I feel very drawn to the minimalist movement, the idea of using only what you need and getting rid of everything else. When it comes to clothing, I have found that I wear most of the clothes in my closet, so none of them are necessarily going to waste. But I know I have far more than I need. This idea of having “spares” is new, at least it is new for the middle and lower classes. There is so much pressure put on people to wear something different so that others don’t see them in the same outfit as last week or last season. This idea that clothing goes “out of style” seems a little preposterous to me. Even now, though, when people choose their style and stick with it for a long amount of time, they are constantly buying new because manufacturers are using cheap materials and techniques to profit as much money as they can from consumers. This idea of aesthetic obsolescence is precisely what drives the need to manufacture new products every season.
In my assignment 3, I discuss this exact dilemma, but how it applies to housing and American consumerism. Maybe HGTV has had an impact on the growing desire of Americans to build or design their own homes, or perhaps I just see it more as an aspiring Interior Designer. But in the housing trend, Americans tend to want large homes with extra rooms and expensive furniture and everything must be NEW. Even if the style is older, the materials, furniture, everything must be brand new. Antiques are a thing of the past because the newer generations don’t want something that makes them feel old or anything like their parents. To separate themselves from previous generations, to set themselves far apart, they have chosen styles that look young and daring, homes that are bigger and better and more exciting than that of their parents.

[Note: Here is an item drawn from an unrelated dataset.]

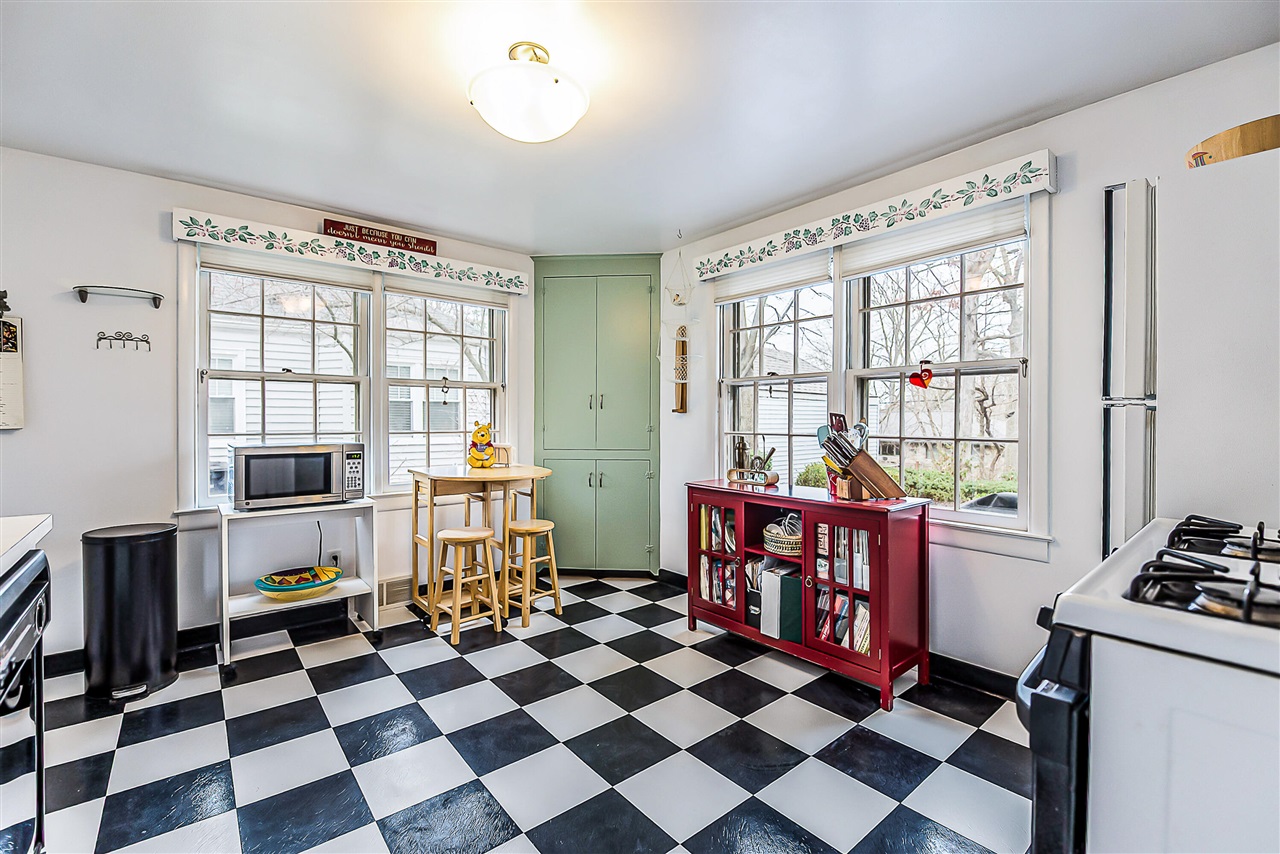 1211 Birk Avenue, Ann Arbor, MI, 48103-5305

On the other hand, there is a portion of every population that is homeless or impoverished. In our reading on Poverty, scholars discussed whether or not the poverty population was a cause of economic downfall and lack of resources. In one light, this makes sense as a majority of those who are homeless are also without employment. This means that they are using resources but not necessarily giving back to the economy. Those who are on welfare are seen by most conservatives as lazy people who don’t deserve their tax money. If we as a country devoted the money currently used on welfare and put it towards economic improvement or sustainability endeavors, would we not see an increase in our country’s positive impact on the planet? But this can be said about literally any of the government programs that require taxpayers’ money to function – which is to say all of them.
Leyla, an innovator and design “guru” spoke on researching where your goods go after you use them (or don’t use them – crisper drawer lettuce). She explained that while certain things seemed more ecofriendly, like a brown paper sack versus a plastic bag, the end result of their use and life cycle was far different than what we would expect. Researching what happens after you use a product gives you a further understanding of its life cycle and helps you make better and more sustainable choices in the long run.

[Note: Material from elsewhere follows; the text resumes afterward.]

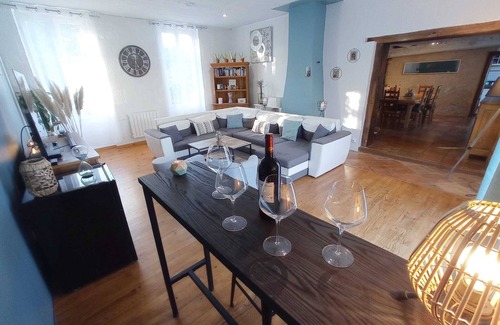 Saint-Paul House | La Casa Bonheur with heated and private swimming pool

I have recently done a presentation on Biophilia and I really enjoyed looking into it. I have always found the outdoors soothing and to find ways to implement natural characteristics into the built environment is entirely something I plan on doing throughout my career. One of my favorite characteristics of Biophilia is “prospect and refuge.” This means that in some areas, you will want to utilize the open concept, where you have an emphasis on brighter light and clear lines of sight; it also means having small spaces for 1 or 2 people, with dimmed lights and closed or almost closed walls, or canopies. Each of these is inspired by the natural need for daylight and clear vision and the need for comfort and protection. Another obvious characteristic of Biophilia is having literal plant life in your built environment. I looked into the Amazon spheres, giant metal and glass bubbles in the middle of a metropolitan city, that are filled to the brim with flora of every kind. The built structures inside the spheres also mimics nature to an extent, with wooden walkways and group areas shaped like actual birds’ nests. An emphasis on natural environments not only boosts the attitudes that workers have, but also boosts their want to work and their focus. And it’s very odd – human brains never get tired of seeing nature. No matter how often they see it, brain function increases and stress decreases. Every time. If that doesn’t say inspiration, I don’t know what does.